Interesting perspectives from Kenya Airways CEO on an expanding African market still inhibited by failure to implement the Yamoussoukro Declaration. Kenya Airways of course is a good example of a successful public private partnership. The successful Ethiopians Airlines is a good model of how to run a parastatal! In both cases some element of government participation has helped rather than hindered the airlines surge on the continent. Food for thought!


  1. I think that the growth of aviation on Africa will boost overall tourism and uplift the economy. Soon there will be flights from African countries similar to that of flights to manila.

  2. Aviation is key to tourism, and low weight low volume exports like fresh cut flowers for the European market, and . . . I'm lost. Rail. Zambia borders on too many countries it has no means of exporting to or through. If one doesn't have a seaport, one must have rail (or canals) there is nothing else that can move enough material to keep a modern economy connected to the modern economy. Aviation is wonderful for moving people around, but nobody will be moving except for tourists if Zambia cannot establish a long term export strategy not based solely on current copper prices. For a landlocked economy especially, it is important to remember that it is cheaper to ship downhill. When you ship by air you give that advantage away.

    Certainly bring the tourists, make it easier to come and go in general, for diaspora to visit family, for family to visit diaspora and see more of the world, for domestic business to interface more easily with their global counterparts. Aviation is good. But rail is lifeblood. Any Zambian who vandalizes or sabotages a rail line is killing their own grandchildren. Aviation is the quick, expensive (but therefore with "prestige" attached), seemingly easy solution, just fly away like birds. It will never be at the core of transport unless/until the heavy lift dirigible is developed for practical use.

    The single most efficient method of moving a tonne of material is an elevator, because one can use counterweights to balance the load, and can then literally move it with a human finger if you are willing to go through the precise balancing exercise. A simple electric (or manual) winch is the more common method. For horizontal movement it is really hard to beat a canal (the main constraints on canal efficiency tend to be sheer volume of traffic), because one can use buoyancy almost as effectively as vertically balanced counterweights. The seasonal nature of rainfall and flooding makes canals less than ideal for most heavy transport needs in Zambia, which brings us to rail. Many problems, lots of up front investment, but I know of no country that has regretted investing in rail decades afterwards (I would be delighted to learn of an exception to this rule if anyone knows of one).
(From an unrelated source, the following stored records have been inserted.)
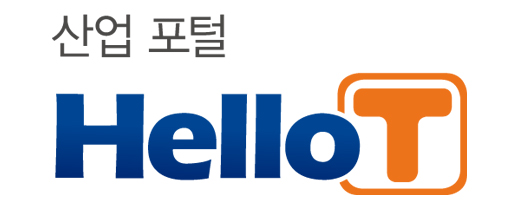 첨단로고.jpg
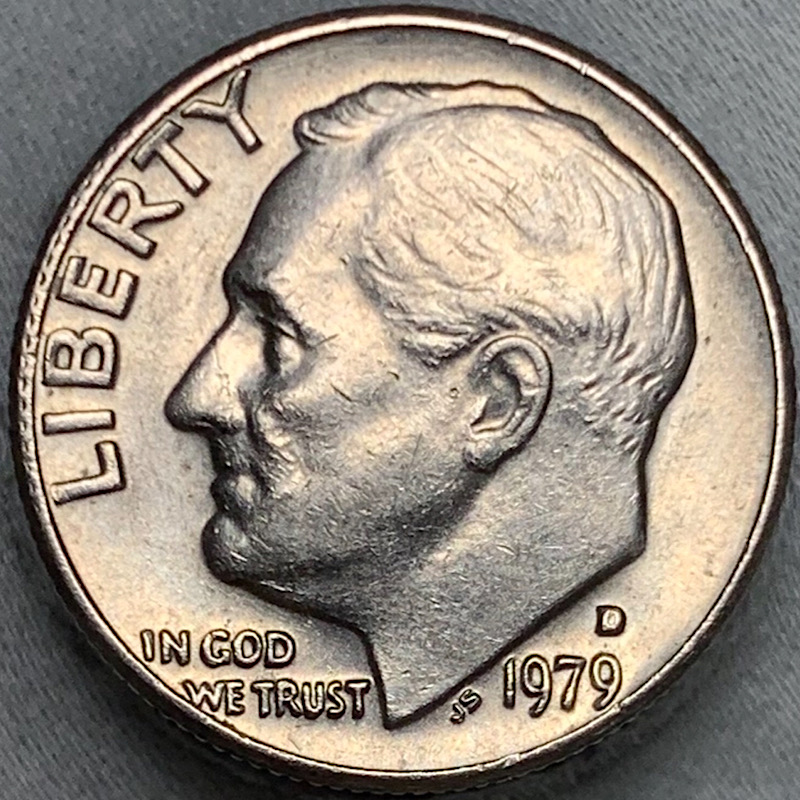 1979-D-Roosevelt-Dime-RPM.-D/D-West?
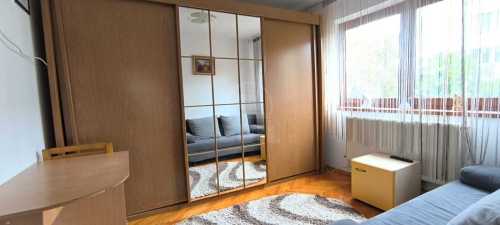 Apartament de Închiriere 3 camere, APCJ354811-9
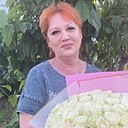 Знакомства: Галина, 62 года, Новочеркасск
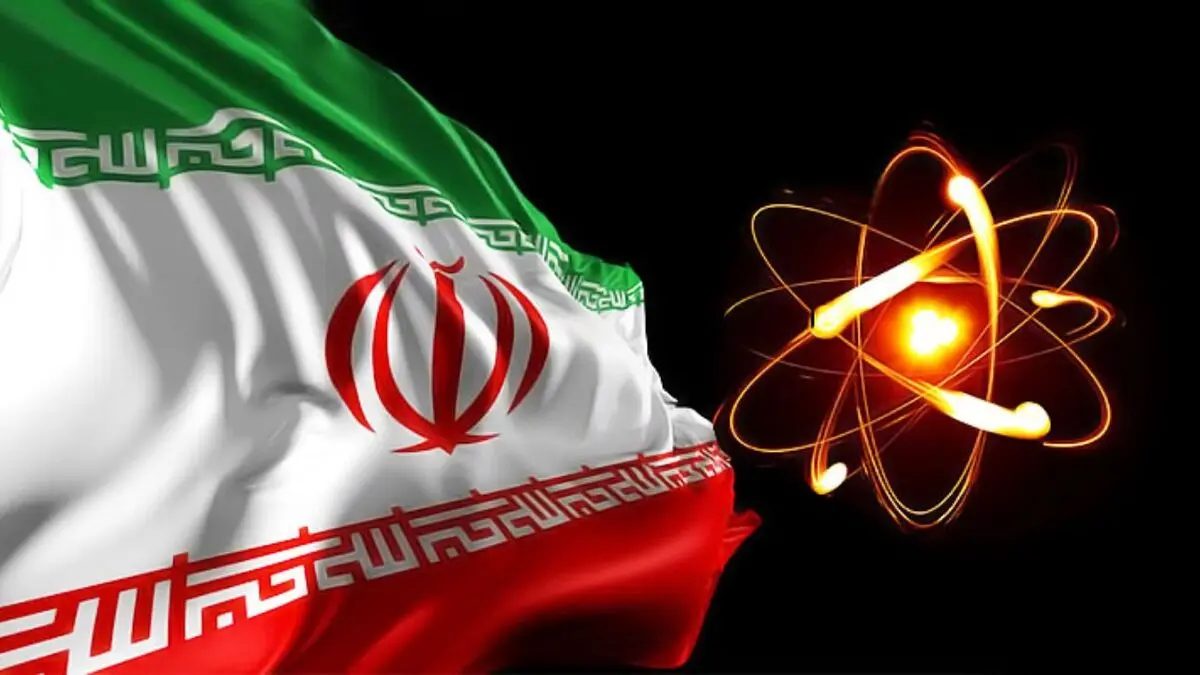 مهمترین ترس برخی کشورهای منطقه بازگشت بایدن به برجام است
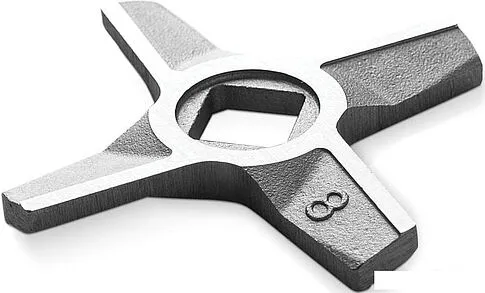 Мясорубка Bosch MFW3X10W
    As far as I can tell the main thing that has hampered rail infrastructure development in Africa (apart from the sheer investment cost, but that didn't stop the hydro projects), has been the ease with which violently rebellious groups can dangerously disable them, rendering them useless in times of military conflict. As far as I can tell this is not a major problem or concern in Zambia, and it is more than unlikely that the Rhodesians will be making a comeback any time soon. China has added over 40 cities to its high speed passenger service in just the last couple of years, (yes, they got a bit ahead of themselves on being faster than everyone else with more experience, and have apparently learned the lesson), but long term aviation will only grow where rail is not the better alternative.

    It is not unreasonable to expect that Zambian aerospace has ample room to grow quite spectacularly for a decade or more, however if that happens at the expense of rail system development, then Zambia will find itself bypassed by the majority of Africa to Africa travel (and more importantly in some ways, bulk transport), much as they are by ship-bourne traffic today.